=== Section Start ===

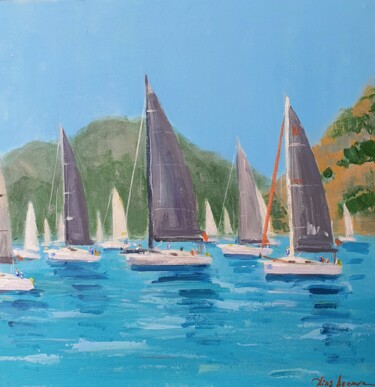 Painting titled "Marmaris race week…" by Dina Aseeva, Original Artwork, Acrylic Mounted on Wood Stretcher frame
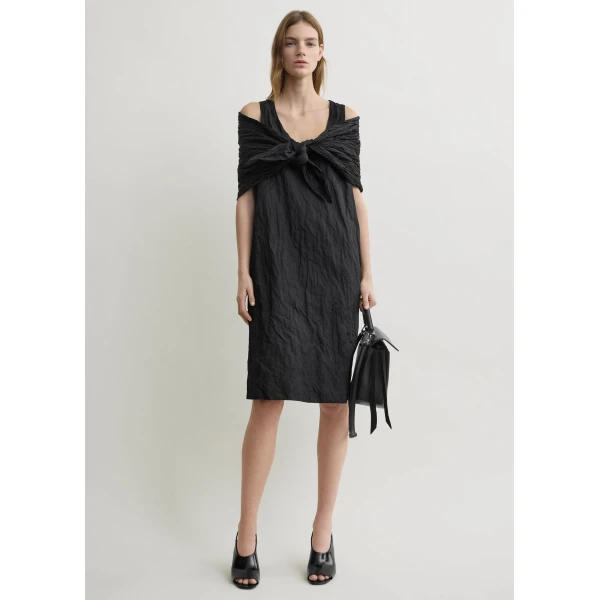 Totême Crinkled Cotton Tank Dress Black - Dresses - Scandinavian Minimalist Luxury at Coveti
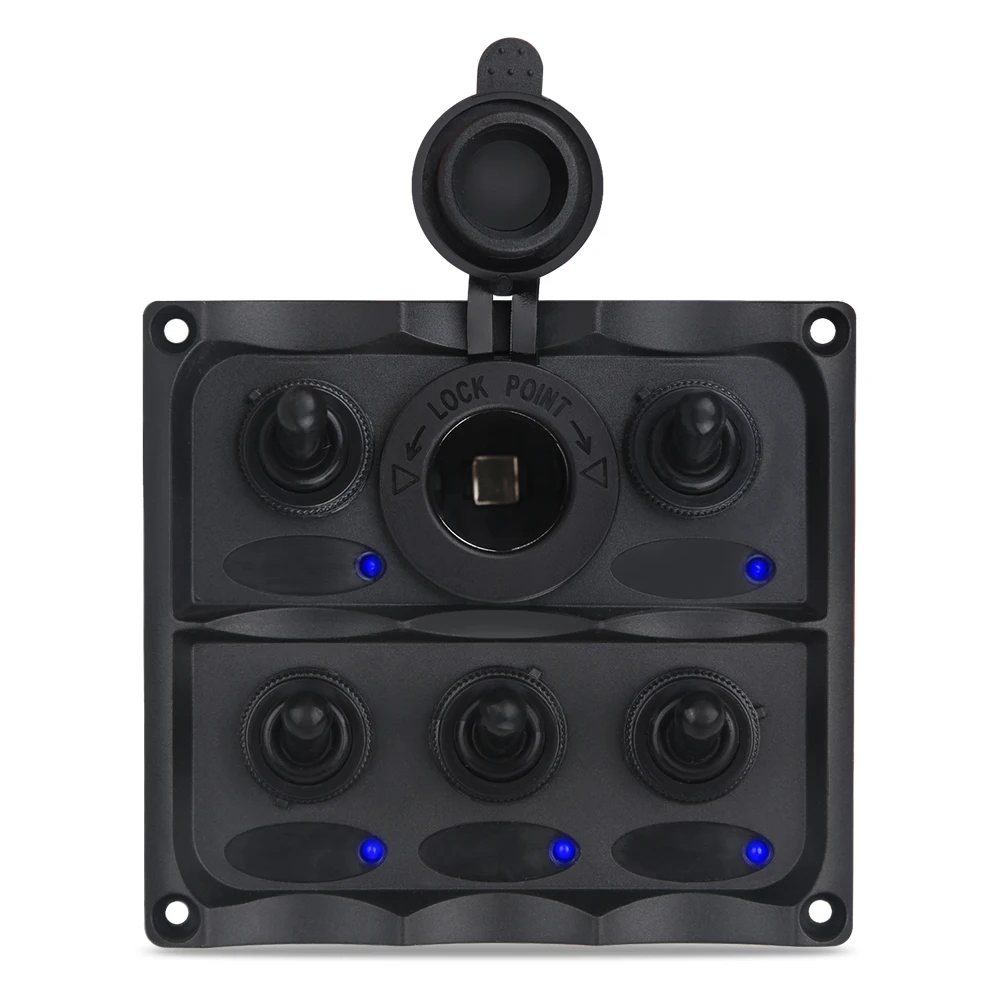 Truck Boat Switch Panel 12v 5 Gang Yacht Led Rocker Circuit Breaker Auto Car With Cigarette Lighter | Автомобили и мотоциклы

=== Section End ===

:: Try it ::
Leave the images out and transcribe the remaining data above word for word.

:: Result of the task ::
 Painting titled "Marmaris race week…" by Dina Aseeva, Original Artwork, Acrylic Mounted on Wood Stretcher frame
 Totême Crinkled Cotton Tank Dress Black - Dresses - Scandinavian Minimalist Luxury at Coveti
 Truck Boat Switch Panel 12v 5 Gang Yacht Led Rocker Circuit Breaker Auto Car With Cigarette Lighter | Автомобили и мотоциклы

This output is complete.